Today’s special guest is mystery author Ann Charles. She’s chatting with me about Devil Days in Deadwood (Book 11 in the Deadwood Humorous Mystery Series).
USA Today Bestselling author, Ann Charles, writes spicy mysteries full of comedy, adventure, suspense, romance, and supernatural mayhem. When she’s not dabbling in fiction, she’s arm wrestling with her two kids, attempting to seduce her husband, and arguing with her sassy cats.
Please tell us about your current release:
Devil Days in Deadwood (Book 11 of the Deadwood Humorous Mystery Series)
“Hell is empty and all the devils are here.” ~William Shakespeare
Violet Parker knows better than to play with devils. They always cheat, especially when lives are at stake. Deadwood’s charming, troublemaking, and soul-sucking devils are no different, and they’re biting at her heels.
But the clock is ticking and Violet has no choice—she must risk her life to save her treasured Aunt Zoe. With any luck, she might be able to trick the devils and beat the old terrors at their own game. If not, Deadwood could end up short one Executioner.

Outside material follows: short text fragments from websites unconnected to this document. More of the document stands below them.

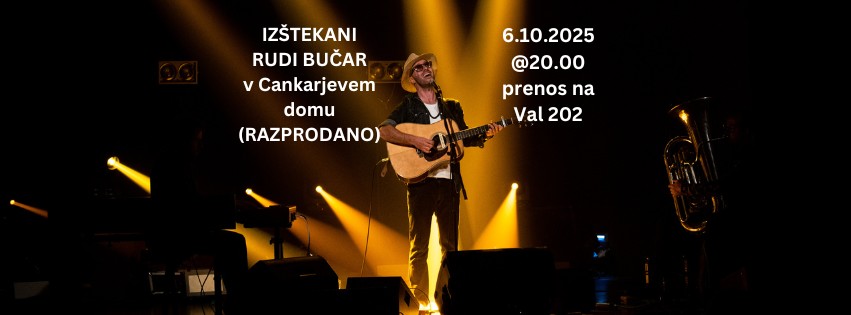 RAZPRODANO - IZŠTEKANI – RUDI BUČAR v Cankarjevem domu - spremljajte radijski ali videoprenos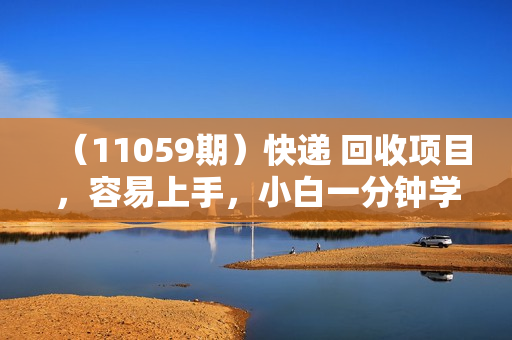 （11059期）快递 回收项目，容易上手，小白一分钟学会，一分钟出单，日赚300~800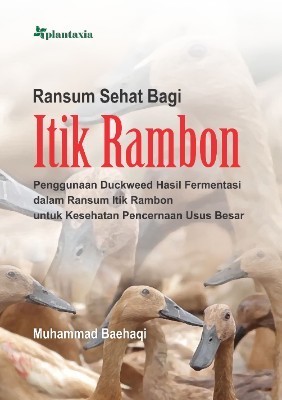 Ransum Sehat Bagi Itik Rambon;Penggunaan Duckweed Hasil Fermentasi dalam Ransum Itik Rambon untuk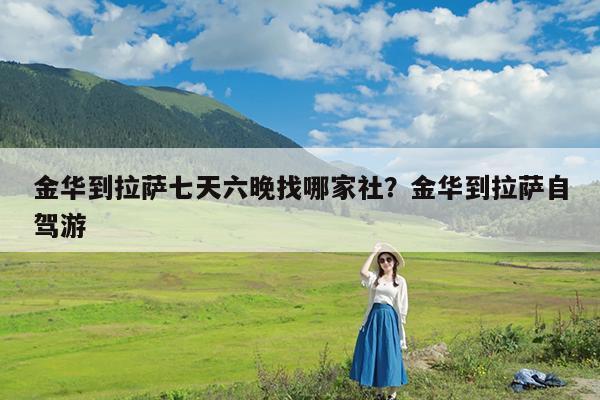 金华到拉萨七天六晚找哪家社?金华到拉萨自驾游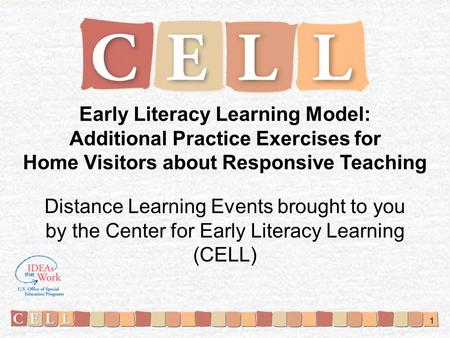 Early Literacy Learning Model: Additional Practice Exercises for Home Visitors about Responsive Teaching Distance Learning Events brought to you by the.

“Executioners don’t duck, they swing.” ~Violet Parker
What inspired you to write this book?
(Since this book is part of a series, I’ll answer this for the series.) I spent a lot of time growing up in the Black Hills of South Dakota, especially around the town of Deadwood. While my mom worked at a tourist shop every day, I would spend time visiting museums and hanging out in the library and exploring the little nooks and crannies around town. Many years later, I was visiting my mom while pregnant with my second child and wondered what it would be like to be a single mother trying to make a living selling real estate in the Old West town. Deadwood is notorious for its history of gold fever and violence (and it is rumored to be full of ghosts), so the possibilities for fun and adventure in fiction are abundant.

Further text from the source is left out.